It All Starts with a Cube
Those six words used to be one of the tag-lines associated with Second Life. Six words that – long before mesh or even sculpties entered our consciousness – summed up the unique magic of Second Life: the ability to create almost anything you might imagine, just by taking simple geometric shapes and playing with them – shaping, sizing, bringing them together, etc., – to produce something either individually or collectively, right there within a virtual space.
Of course, things like scripts and tools were required to get things to do things or to make the shapes that were needed, but at its heart, SL’s creativity lay within the humble primitive shapes offered to users through the viewer.
I mention this because January 25th, 2022 is officially the 20th anniversary of the first prim ever being rezzed within Second Life (or rather, its precursor: LindenWorld) – something marked by SarahKB7 Koskinen, who has produced a celebratory sculpture (seen at the top of this piece) which can – for the 25th of January 2022, at least, be seen at the Ivory Tower of Primitives sandbox.
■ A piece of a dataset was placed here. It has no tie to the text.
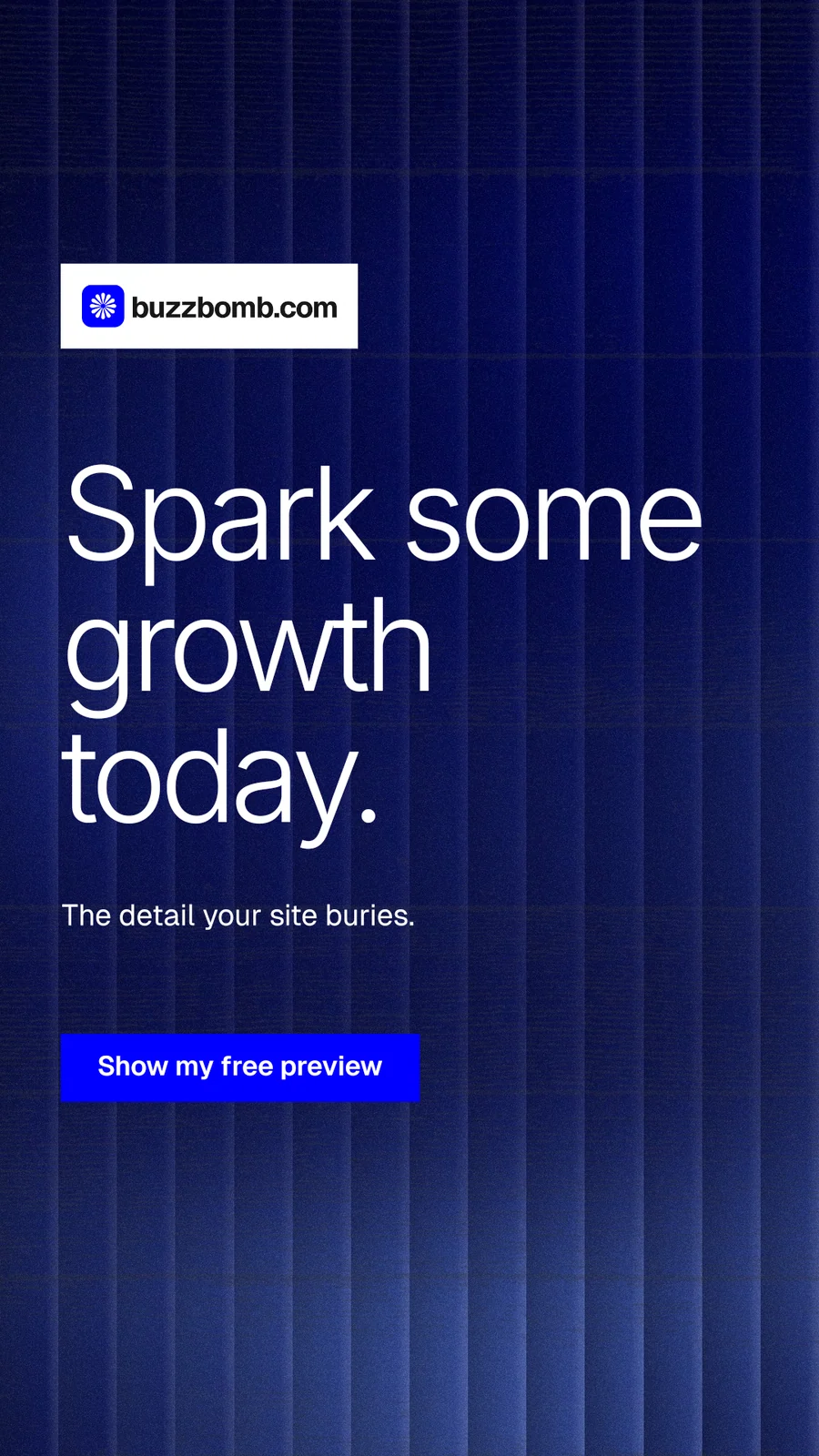 Instagram story for BuzzBomb: "Spark some growth today." Swiss style, announce layout, dark palette in blue.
Touching the sculpture will present you with a notecard about the prim cube it contains explaining that whilst a reproduction, like the very first primitive rezzed in 2002, it has no listed creator. Why? Because the rezzing of the first primitive predated the database that would be used to record information such as object creator names!
But exactly howdid SL’s primitive originate?
Well, their creator is one Avi Bar-Zeev.
For those unfamiliar with the name, Avi has been a pioneer, architect and advisor in Spatial Computing (AR/VR/MR/XR) for nearly 30 years. He’s worked for some of the biggest corporations including Amazon, Apple and Microsoft (where he pioneered the HoloLens, whilst in the 1990s, he worked for the Disney Corporation, working on what he refers to as “novel VR experiences”, including Aladdin’s Magic Carpet, the Virtual Jungle Cruise and Cyberspace Mountain.
Speaking on the January 25th, Avi describes the arrival of primitives thus:
About 10 years into that [his early work in the eXtended Reality space] I met Philip and we worked together on some things in Second Life. And early on, [Philip] had said, “let’s figure out this prim thing; let’s figure out how to build the world”. An I just so happened to have studied computational geometry in a college, and so I said, “I know how to do that!” and wrote a couple of hundred lines of code to make all the primitives in the world, with various knobs and capabilities to stick them together. So that was my claim to fame back then!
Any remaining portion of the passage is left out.